═══ The records ═══
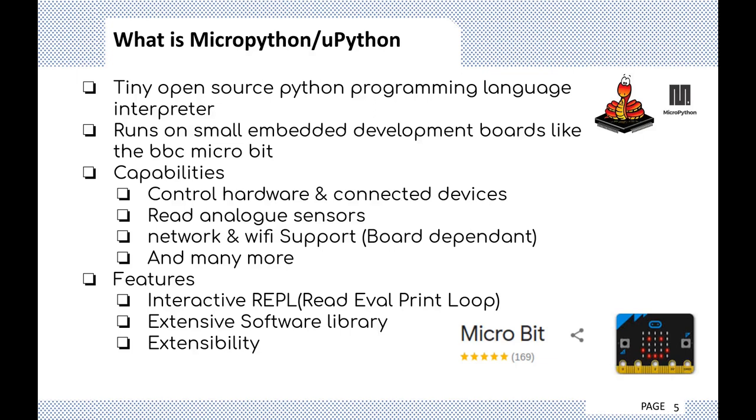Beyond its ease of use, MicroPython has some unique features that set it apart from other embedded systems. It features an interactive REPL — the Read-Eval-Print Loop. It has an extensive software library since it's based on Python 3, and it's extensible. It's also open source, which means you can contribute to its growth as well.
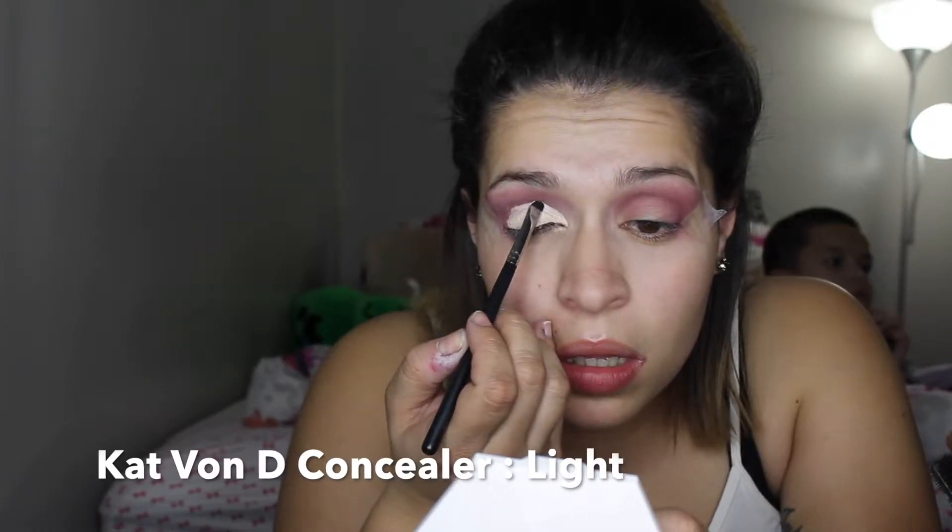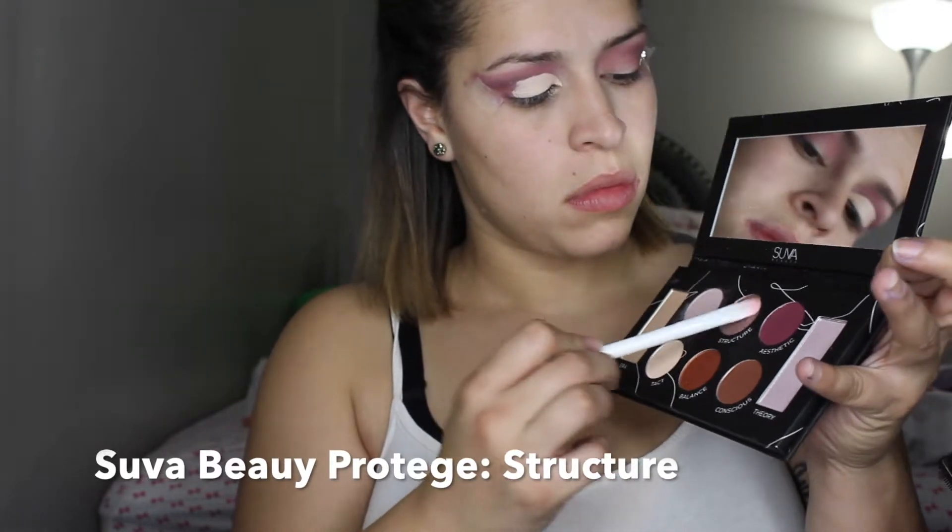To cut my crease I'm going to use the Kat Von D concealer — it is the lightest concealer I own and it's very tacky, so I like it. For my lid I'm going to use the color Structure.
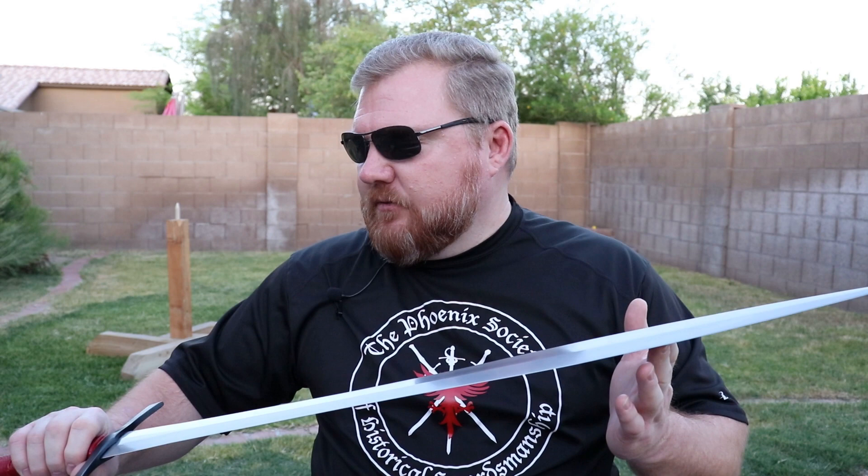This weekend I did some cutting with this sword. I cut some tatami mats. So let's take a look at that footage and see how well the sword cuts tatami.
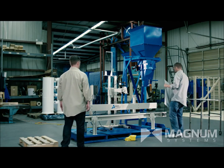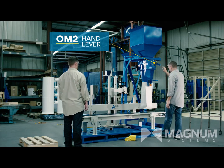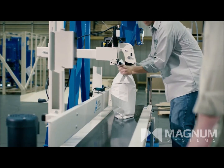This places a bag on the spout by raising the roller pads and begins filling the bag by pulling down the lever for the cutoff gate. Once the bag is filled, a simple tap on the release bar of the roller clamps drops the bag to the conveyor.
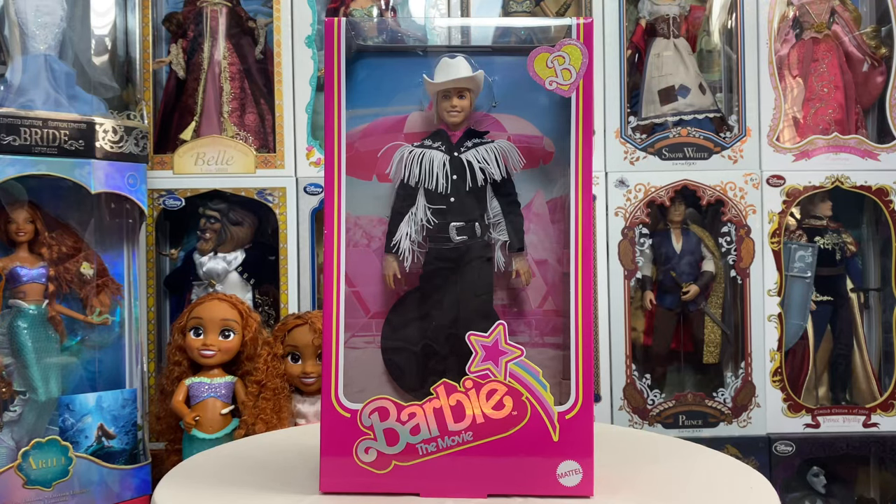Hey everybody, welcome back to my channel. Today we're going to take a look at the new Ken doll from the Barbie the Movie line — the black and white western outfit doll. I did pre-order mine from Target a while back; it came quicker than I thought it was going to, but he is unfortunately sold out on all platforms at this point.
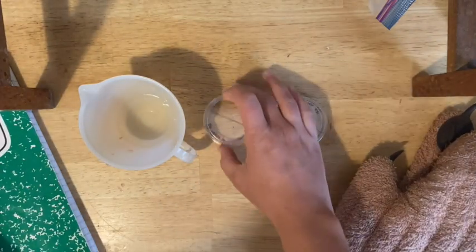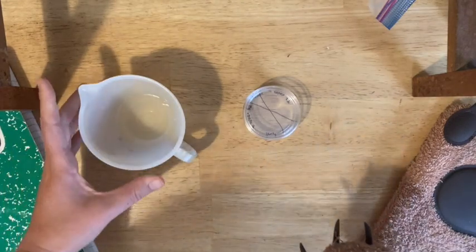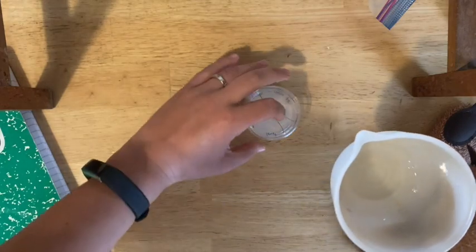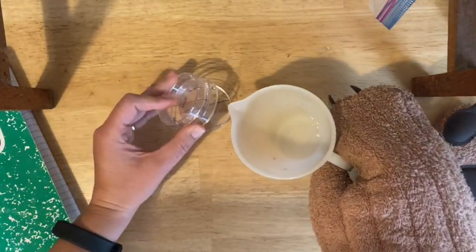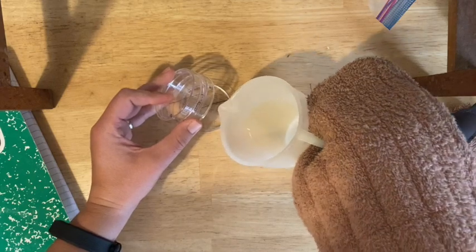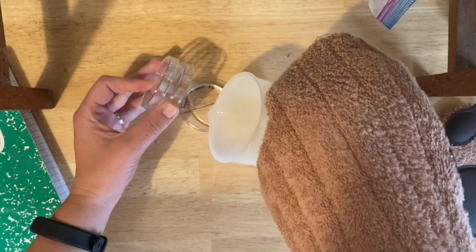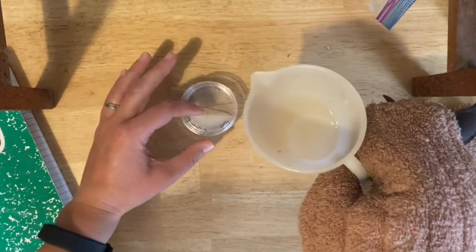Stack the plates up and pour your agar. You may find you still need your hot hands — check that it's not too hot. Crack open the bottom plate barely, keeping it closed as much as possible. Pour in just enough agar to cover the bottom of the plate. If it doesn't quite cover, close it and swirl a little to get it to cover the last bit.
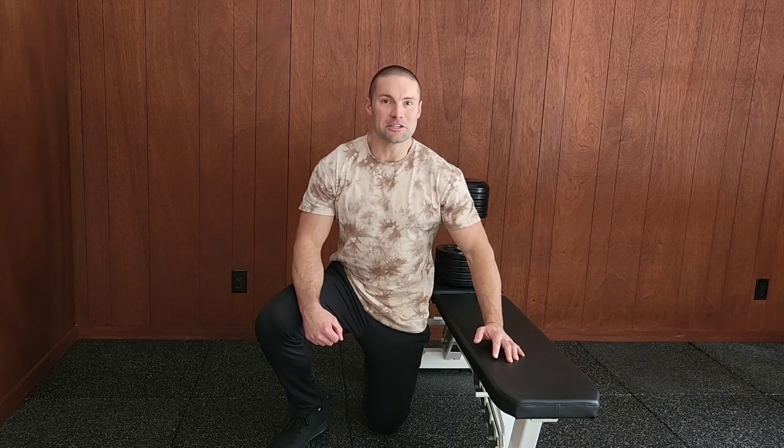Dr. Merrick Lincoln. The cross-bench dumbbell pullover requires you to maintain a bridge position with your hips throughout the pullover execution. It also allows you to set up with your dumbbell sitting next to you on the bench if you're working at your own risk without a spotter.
═══
Only the records, copied exactly and free of pictures, belong in the answer.

Written solution:
Beyond its ease of use, MicroPython has some unique features that set it apart from other embedded systems. It features an interactive REPL — the Read-Eval-Print Loop. It has an extensive software library since it's based on Python 3, and it's extensible. It's also open source, which means you can contribute to its growth as well.
To cut my crease I'm going to use the Kat Von D concealer — it is the lightest concealer I own and it's very tacky, so I like it. For my lid I'm going to use the color Structure.
This weekend I did some cutting with this sword. I cut some tatami mats. So let's take a look at that footage and see how well the sword cuts tatami.
This places a bag on the spout by raising the roller pads and begins filling the bag by pulling down the lever for the cutoff gate. Once the bag is filled, a simple tap on the release bar of the roller clamps drops the bag to the conveyor.
Hey everybody, welcome back to my channel. Today we're going to take a look at the new Ken doll from the Barbie the Movie line — the black and white western outfit doll. I did pre-order mine from Target a while back; it came quicker than I thought it was going to, but he is unfortunately sold out on all platforms at this point.
Stack the plates up and pour your agar. You may find you still need your hot hands — check that it's not too hot. Crack open the bottom plate barely, keeping it closed as much as possible. Pour in just enough agar to cover the bottom of the plate. If it doesn't quite cover, close it and swirl a little to get it to cover the last bit.
Dr. Merrick Lincoln. The cross-bench dumbbell pullover requires you to maintain a bridge position with your hips throughout the pullover execution. It also allows you to set up with your dumbbell sitting next to you on the bench if you're working at your own risk without a spotter.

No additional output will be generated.